Data below:
......
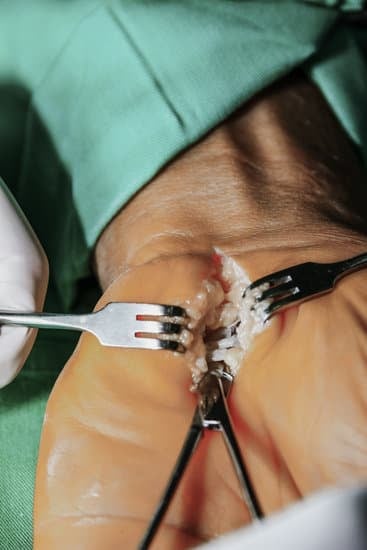 수근관 증후군 수술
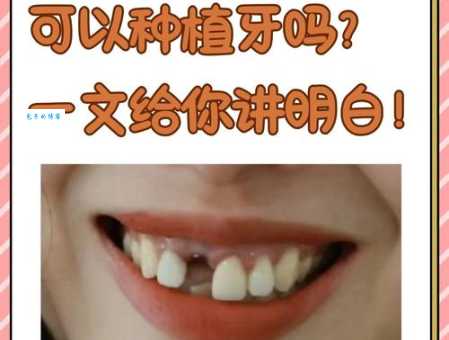 北门南牙啥意思?专家来给你讲讲其中门道!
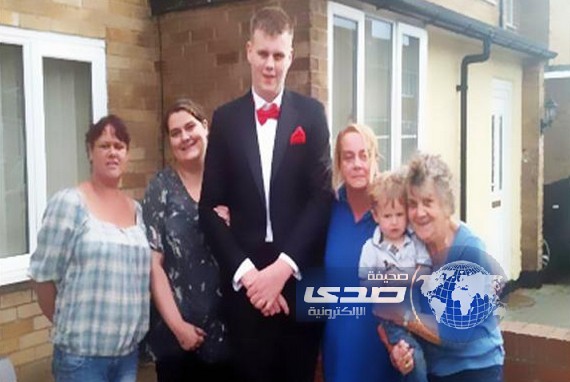 حالة مرضية فريدة.. فتى يزداد طوله 2.5 سنتيمترا أسبوعيا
......
Aim of the exercise:
For this exercise, transcribe the data exactly but without its pictures.

Response for this exercise:
 수근관 증후군 수술
 北门南牙啥意思?专家来给你讲讲其中门道!
 حالة مرضية فريدة.. فتى يزداد طوله 2.5 سنتيمترا أسبوعيا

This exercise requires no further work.